De todos modos fue un cambio hacia una postura macroeconómica expansiva, que abrazó a todo el mundo desarrollado. El tema de cómo seguir no estuvo considerado en el debate electoral, lo cual pronostica que no habrá cambios sustanciales en esa materia. En realidad no se sabe a ciencia cierta cuándo y cómo termina este nuevo modelo común en todo el mundo industrializado.

Aunque el Partido Demócrata presenta una retórica más educada en temas internacionales respecto a la del Presidente Trump, en estos temas no deben confundirse las formas o los modales con el contenido de la estrategia.

El siglo XXI, en sus apenas dos décadas de vida, es el mojón de un nuevo orden internacional que dejó obsoleta a una institucionalidad heredada de la segunda guerra, que ayudó como nunca al crecimiento de un mundo hastiado de la destrucción de la guerra. Pero era un modelo para medio mundo, pues quedaban afuera el imperio soviético y China con su mundo adyacente. Desaparecido el primero, cuyo impacto se fue contrabalanceando con la emergencia de China, el mundo quedó surcado de nuevas relaciones de poder, donde Estados Unidos se vio obligado a aceptar que el eje geopolítico del mundo se había inclinado hacia Oriente.

De esta nueva correlación de fuerzas perdió valor la Alianza Atlántica con Europa, en la que a su vez el país líder, Alemania, comenzó a derivar su potencial exportador y capacidad de inversión hacia el mercado chino, convirtiendo a Oriente en una pieza fundamental de su actividad económica.
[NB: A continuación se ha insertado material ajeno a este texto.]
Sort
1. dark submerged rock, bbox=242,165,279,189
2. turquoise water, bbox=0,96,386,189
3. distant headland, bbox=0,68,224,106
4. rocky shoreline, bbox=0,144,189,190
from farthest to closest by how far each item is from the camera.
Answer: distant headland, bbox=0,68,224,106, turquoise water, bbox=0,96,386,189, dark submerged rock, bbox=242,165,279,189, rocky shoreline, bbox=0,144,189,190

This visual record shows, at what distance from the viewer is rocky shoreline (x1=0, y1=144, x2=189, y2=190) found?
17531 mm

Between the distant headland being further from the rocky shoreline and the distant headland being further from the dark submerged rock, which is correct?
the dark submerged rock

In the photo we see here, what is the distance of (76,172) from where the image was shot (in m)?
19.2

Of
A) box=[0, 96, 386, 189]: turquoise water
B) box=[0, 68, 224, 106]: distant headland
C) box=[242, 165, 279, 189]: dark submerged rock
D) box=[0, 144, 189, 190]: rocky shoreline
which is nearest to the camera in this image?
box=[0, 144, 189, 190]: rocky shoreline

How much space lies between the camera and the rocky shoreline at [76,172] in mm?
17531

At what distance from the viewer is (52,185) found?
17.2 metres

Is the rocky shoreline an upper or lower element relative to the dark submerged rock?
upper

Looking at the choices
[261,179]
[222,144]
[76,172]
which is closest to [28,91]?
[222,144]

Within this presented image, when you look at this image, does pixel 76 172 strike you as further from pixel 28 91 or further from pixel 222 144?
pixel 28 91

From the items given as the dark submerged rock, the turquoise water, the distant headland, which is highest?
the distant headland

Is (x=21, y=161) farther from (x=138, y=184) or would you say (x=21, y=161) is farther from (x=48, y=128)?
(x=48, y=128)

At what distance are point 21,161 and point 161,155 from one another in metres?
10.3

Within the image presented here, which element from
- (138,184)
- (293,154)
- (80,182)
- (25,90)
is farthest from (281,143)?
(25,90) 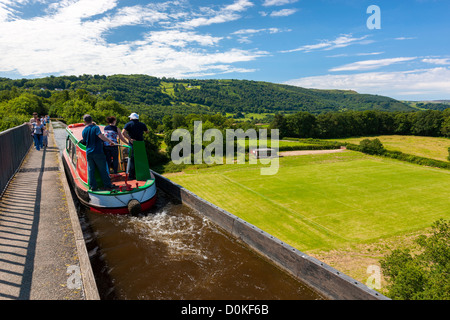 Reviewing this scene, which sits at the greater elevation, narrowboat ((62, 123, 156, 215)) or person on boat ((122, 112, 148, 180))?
person on boat ((122, 112, 148, 180))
De alguna manera, eso le hizo perder relevancia relativa a la Unión Europea como su único mercado relevante, para convertirlo más en una alianza política que defiende valores comunes y asienta la estabilidad política entre sus socios.
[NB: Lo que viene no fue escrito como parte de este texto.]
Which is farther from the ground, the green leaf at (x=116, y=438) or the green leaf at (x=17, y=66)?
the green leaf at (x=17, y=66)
Esta nueva realidad internacional, aun en formación, es fuente de reacomodamiento y tensiones entre países con intereses globales como China y EEUU. El día a día entre ellos puede ser distinto, pero la estrategia de Estados Unidos referida a esa realidad será la misma. Basta recordar los intentos del acuerdo Transpacífico de la administración Obama que Trump hizo naufragar, que tenía como objetivo final segregar a China del comercio preferencial de los países ribereños del Pacífico. Podrá cambiar el tono de los argumentos, pero los fines fueron y serán los mismos: neutralizar el apogeo de China.
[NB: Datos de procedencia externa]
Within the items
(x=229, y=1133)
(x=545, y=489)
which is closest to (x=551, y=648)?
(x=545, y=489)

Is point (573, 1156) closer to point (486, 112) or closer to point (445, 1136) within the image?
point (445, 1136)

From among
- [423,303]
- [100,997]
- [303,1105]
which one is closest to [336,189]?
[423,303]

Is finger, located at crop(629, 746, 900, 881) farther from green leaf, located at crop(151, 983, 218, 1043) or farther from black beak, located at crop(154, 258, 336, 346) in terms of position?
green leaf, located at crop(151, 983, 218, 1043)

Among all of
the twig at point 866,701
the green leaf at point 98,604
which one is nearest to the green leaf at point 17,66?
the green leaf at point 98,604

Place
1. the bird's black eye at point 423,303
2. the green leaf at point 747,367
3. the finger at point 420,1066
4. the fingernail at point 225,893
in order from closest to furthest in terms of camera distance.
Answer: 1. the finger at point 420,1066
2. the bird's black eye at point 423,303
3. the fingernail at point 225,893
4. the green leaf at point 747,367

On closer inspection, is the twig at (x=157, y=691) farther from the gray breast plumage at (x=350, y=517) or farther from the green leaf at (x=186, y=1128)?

Corresponde preguntarse qué esperar para nuestro continente. Creo que poco, pues desde hace décadas no estamos en el radar de las prioridades de las administraciones norteamericanas, por varias razones. Primero, no somos relevantes como mercado comparado con la profundidad que muestran otras aéreas del mundo. Segundo, como proveedores de insumos se erosionó su relevancia. El principal recurso estratégico del continente, el petróleo, perdió valor en el largo plazo por la aparición de fuentes energéticas renovables y la capacidad de Estados Unidos en lograr la autosuficiencia y pasar a exportar petróleo. Tercero, como lugar para afincar inversiones en manufacturas, no ofrecemos niveles de competitividad como los que ofrece el mundo asiático. Y por último, las regiones templadas productoras de alimentos le compiten directamente en el principal mercado importador del mundo en esos rubros: China.

Finalmente, las reacciones sobre la inestabilidad política del continente y sus crisis económicas estarán signadas por la indiferencia, más allá de las declaraciones de estilo. Y vista la experiencia reciente ante los hechos de Venezuela, todo queda, felizmente, en la retórica y anuncios altisonantes. Su postura ante las crisis económicas latinoamericanas es que no ameritan ayudas especiales más que los consabidos programas con el Fondo Monetario. Por todo lo señalado y lo dicho en la campaña electoral, sería impensable esperar programas de alivio de endeudamiento (Plan Brady) como los que hubo en los noventa del siglo pasado.
Por tanto, más allá de los estilos, es de esperar más de lo mismo.